# I officially have bad luck!



## dowmace (Jan 16, 2008)

I thought I'd get some advice from you guys about a "little" incident that happened yesterday.

My helper and I were in a JLG boom lift about 20 ft off the ground inside of a factory, the factory regularly has cranes running back and forth through the building I knew this and let everyone in the area know we would be in the area for a few hours. We had finished our run of 3/4" and were lowering when a moron in one of the trolley cranes ran smack into us it smashed the cage on the lift into my leg lifting the unit onto two wheels. Now the company has taken very good care of us and paid for my emergency room visit last night and everything you would expect. The problem is last week I recieved a job offer make quite a bit more money than I do with the current company after they found out I was injured and would be out for atleast two weeks they retracted the offer, fyi I would've made about 12k more a year. My knee is really jacked up and I have to get an MRI done next week to make sure there is no soft tissue damage. I am being paid my workers comp and all of that good stuff but I lost a very good job I would have had health benefits for myself and family plus the extra money and 2 weeks vacation the instant I signed on. Am I entitled to some kind of damages I don't want to be a jerk but I feel like I lost a very good job that would've changed my life for the better. Anyone else been through this before? I've asked a few of my family members and they think I should just sue but I don't want to try and take millions from the company it's not that huge of a deal I just want what I am entitled or atleast I feel I'm entitled too. thanks guys!


----------



## randomkiller (Sep 28, 2007)

I would let things happen as they will, maybe you need surgery or something. After all is said and done, go see a lawyer. Do a third party suit against the guy that drove into you. It isn't right and you should be compensated. Once assessed a level of permanency your worker's comp will send you a settlement.


----------



## sbrn33 (Mar 15, 2007)

Why would you sue somebody. This should be your responsibility. If anything your boss should be mad at you for damaging his lift just because you didn't take the time to lock out anything that could have been of danger to you.
This is one of the problems with this country, sue happy people that won't take responsibility for their own actions.


----------



## dowmace (Jan 16, 2008)

sbrn33 said:


> Why would you sue somebody. This should be your responsibility. If anything your boss should be mad at you for damaging his lift just because you didn't take the time to lock out anything that could have been of danger to you.
> This is one of the problems with this country, sue happy people that won't take responsibility for their own actions.
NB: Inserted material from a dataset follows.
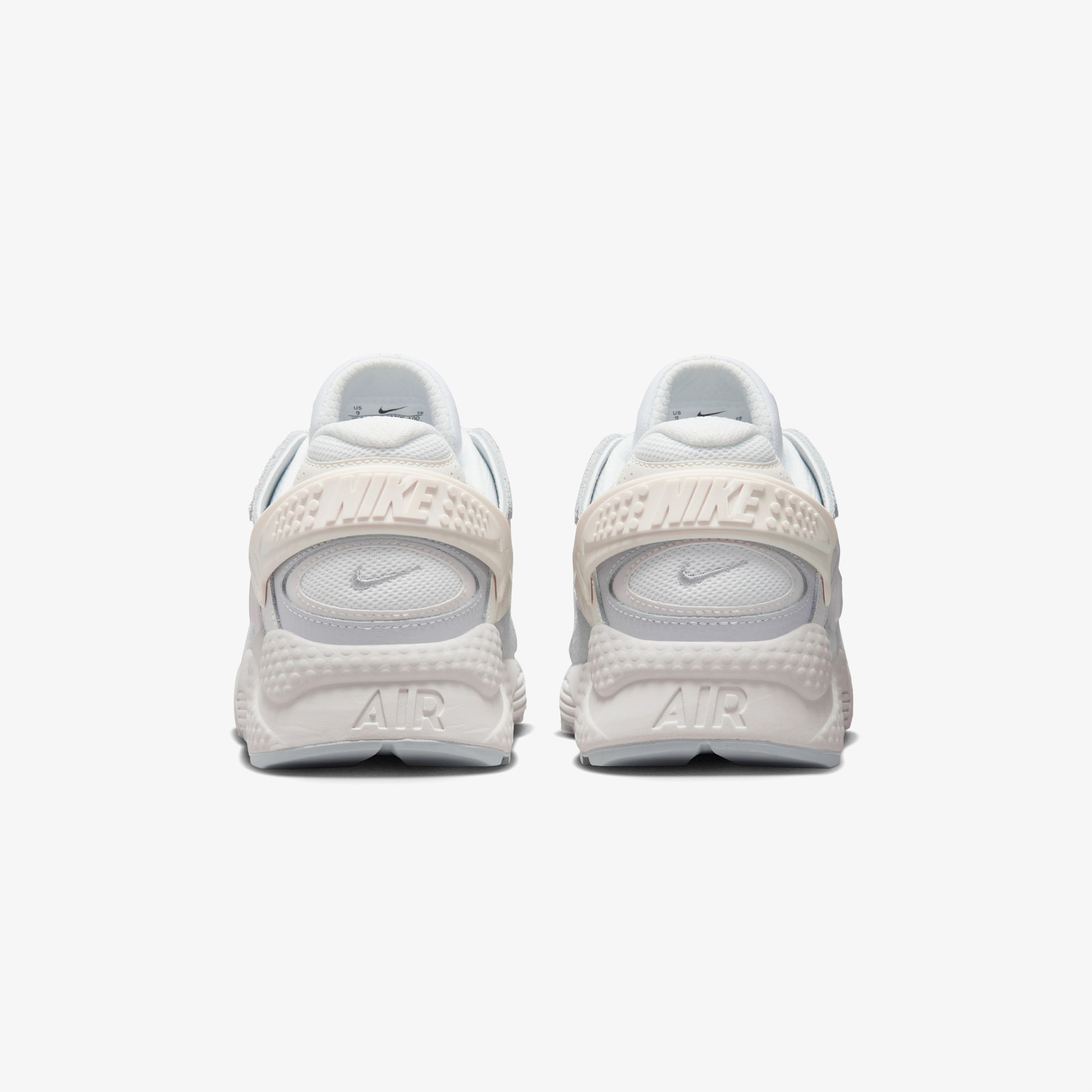 Nike Air Huarache Runner Erkek Beyaz Spor Ayakkabı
I don't think you understand a crane drove into me, I had no control over that I can't shut off all the cranes in a building because there is on out of 8 that is in the area I am working in, all of the workers knew we were there and I took all the necessary precautions the crane driver was being negligent he didn't stop when he was 10 feet from us as we were screaming stop at him.


----------



## gilbequick (Oct 6, 2007)

You can sue the guy that hit you all you want, odds are he doesn't have anything worth suing over and even if he did, come on man, this was at work. 
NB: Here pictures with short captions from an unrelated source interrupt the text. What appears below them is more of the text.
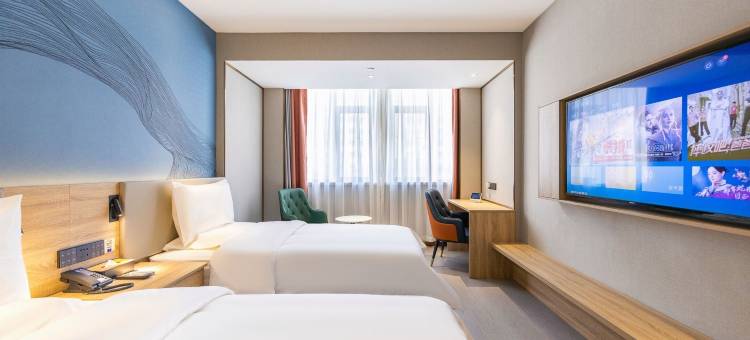 星程酒店(临夏义乌国际商业广场店)图片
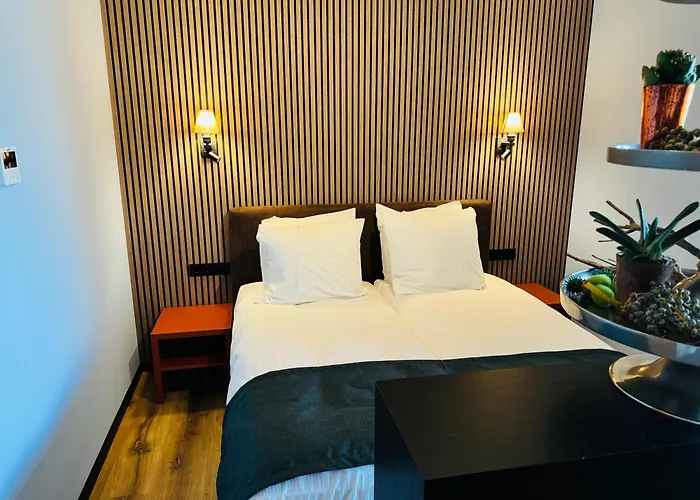 Longstay Achterhoek Appart hôtel 3*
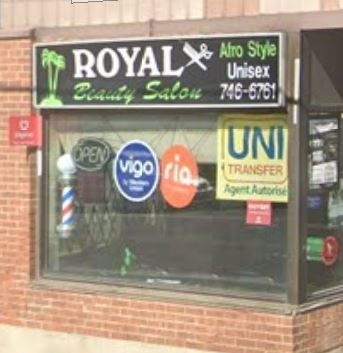 Royal Beauty Salon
As to your new position did you have anything in writing stating when you started or how much your pay would be? If not than what's your proof? You could say anything!

Did you guys have any cones up or anything? 

If you're going to sue anybody sue the company sue the company the crane operator works for. They didn't provide you with a safe enviornment to work in. 

Myself I'm not a suing kind of person. You should talk to a lawyer and get their advice. I can tell you now what they're going to say and that's sue everybody. Don't expect to come out of this with a lot of friends.


----------



## randomkiller (Sep 28, 2007)

gilbequick said:


> You can sue the guy that hit you all you want, odds are he doesn't have anything worth suing over and even if he did, come on man, this was at work.
> 
> As to your new position did you have anything in writing stating when you started or how much your pay would be? If not than what's your proof? You could say anything!
> 
> ...


 
In suing the guy that was driving the crane the company isurance would be the actual defendant, not the guy. It is their responcibility to have people in their building expect a base level of safety. Crane operators should be trained in safety as well. It is an unfortunate situation.
I never was a "sue em" person but, I have been to the mountain and seen the light since those days. Too many guys I have worked with have been left bad off from things such as this incident. My closest friend from work has very serious injuries that happened on the job. To see him live in constant pain daily puts many things in perspective. If someone asks him why he is still working, he asks if they are going to support his family if he quits.
The guy is held together by bone grafts, lag bolts, screws, pins, and plates. I have never known him to miss a day from work for feeling ill. To compound it, when he was out for orthopedic repair, he went broke and his wife left him over it. He lost his house and his wife.


----------



## dawgs (Dec 1, 2007)

randomkiller said:


> In suing the guy that was driving the crane the company isurance would be the actual defendant, not the guy. It is their responcibility to have people in their building expect a base level of safety. Crane operators should be trained in safety as well. It is an unfortunate situation.
> I never was a "sue em" person but, I have been to the mountain and seen the light since those days. Too many guys I have worked with have been left bad off from things such as this incident. My closest friend from work has very serious injuries that happened on the job. To see him live in constant pain daily puts many things in perspective. If someone asks him why he is still working, he asks if they are going to support his family if he quits.
> The guy is held together by bone grafts, lag bolts, screws, pins, and plates. I have never known him to miss a day from work for feeling ill. To compound it, when he was out for orthopedic repair, he went broke and his wife left him over it. He lost his house and his wife.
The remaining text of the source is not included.